I am new to coding and am currently learning python. Your expertise is greatly appreciated. I have a tab separated data file, tsv.tab, that has 30,000 comma-separated entries in columns two and three but only 1 entry in column one. Each column is separated by a tab. The file looks like so:
57 A,C,G,C ID1,ID2,ID3,ID4
2079 G,C,A,T ID1,ID2,ID3,ID4
5270 C,T,T,G ID1,ID2,ID3,ID4
Please, can you suggest a python method to read in the data, transpose,merge (column 3, i.e. ID1,..) and save the data as a tab or comma-separated file?

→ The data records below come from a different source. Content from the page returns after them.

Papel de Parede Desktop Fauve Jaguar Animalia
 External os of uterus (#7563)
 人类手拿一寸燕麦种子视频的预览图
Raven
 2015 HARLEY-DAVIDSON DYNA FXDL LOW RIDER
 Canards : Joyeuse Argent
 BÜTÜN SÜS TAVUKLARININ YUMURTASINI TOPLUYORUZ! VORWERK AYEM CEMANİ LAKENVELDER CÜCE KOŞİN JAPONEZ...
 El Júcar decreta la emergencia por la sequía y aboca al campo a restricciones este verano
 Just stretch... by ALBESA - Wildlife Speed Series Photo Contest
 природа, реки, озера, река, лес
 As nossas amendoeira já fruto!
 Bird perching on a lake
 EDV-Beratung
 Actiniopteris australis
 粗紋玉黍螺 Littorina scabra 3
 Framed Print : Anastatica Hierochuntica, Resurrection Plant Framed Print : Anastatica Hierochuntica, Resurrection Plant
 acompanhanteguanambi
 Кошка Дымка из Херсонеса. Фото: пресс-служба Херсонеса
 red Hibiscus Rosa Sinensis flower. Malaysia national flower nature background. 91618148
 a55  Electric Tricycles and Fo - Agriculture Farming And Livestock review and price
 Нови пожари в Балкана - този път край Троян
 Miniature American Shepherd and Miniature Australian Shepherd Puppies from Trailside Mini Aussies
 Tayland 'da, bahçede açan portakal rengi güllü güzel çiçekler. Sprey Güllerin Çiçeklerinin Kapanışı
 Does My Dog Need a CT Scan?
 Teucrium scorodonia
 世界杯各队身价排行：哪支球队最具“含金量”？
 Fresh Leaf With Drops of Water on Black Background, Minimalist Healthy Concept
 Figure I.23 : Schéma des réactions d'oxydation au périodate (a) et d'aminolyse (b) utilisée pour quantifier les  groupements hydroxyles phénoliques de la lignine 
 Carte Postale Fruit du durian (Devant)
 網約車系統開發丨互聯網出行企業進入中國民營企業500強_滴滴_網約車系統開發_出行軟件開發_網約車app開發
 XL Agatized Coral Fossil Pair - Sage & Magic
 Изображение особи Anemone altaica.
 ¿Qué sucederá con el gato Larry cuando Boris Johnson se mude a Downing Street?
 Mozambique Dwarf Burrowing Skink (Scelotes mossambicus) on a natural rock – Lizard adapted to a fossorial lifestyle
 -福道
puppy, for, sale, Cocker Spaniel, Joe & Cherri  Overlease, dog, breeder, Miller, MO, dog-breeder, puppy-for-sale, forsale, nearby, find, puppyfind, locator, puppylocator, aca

I will gladly accept pure python, pandas, or numpy suggestions. The output should look like so:
57 2079 5270 ID
A G C ID1
C C T ID2
G A T ID3
C T G ID4
or
57,2079,5270,ID
A,G,C,ID1
C,C,T,ID2
G,A,T,ID3
C,T,G,ID4
So far, I have tried to use pandas as follows.
import pandas as pd
df = pd.read_csv('tsv.tab', delimiter= '\t', header=None)
df.transpose().to_csv('tsv.csv', header = False, index=False)
Suppose you save your sample data to a file called 'test.txt', you can do:
df = pd.read_csv('test.txt',header=None,sep='\s+')
result = (
df[1].str.split(',',expand=True)
.T
.pipe(lambda x: x.rename(columns=dict(zip(x.columns,df[0]))))
.assign(ID=df[2].iloc[0].split(','))
)
result
Out[119]:
57 2079 5270 ID
0 A G C ID1
1 C C T ID2
2 G A T ID3
3 C T G ID4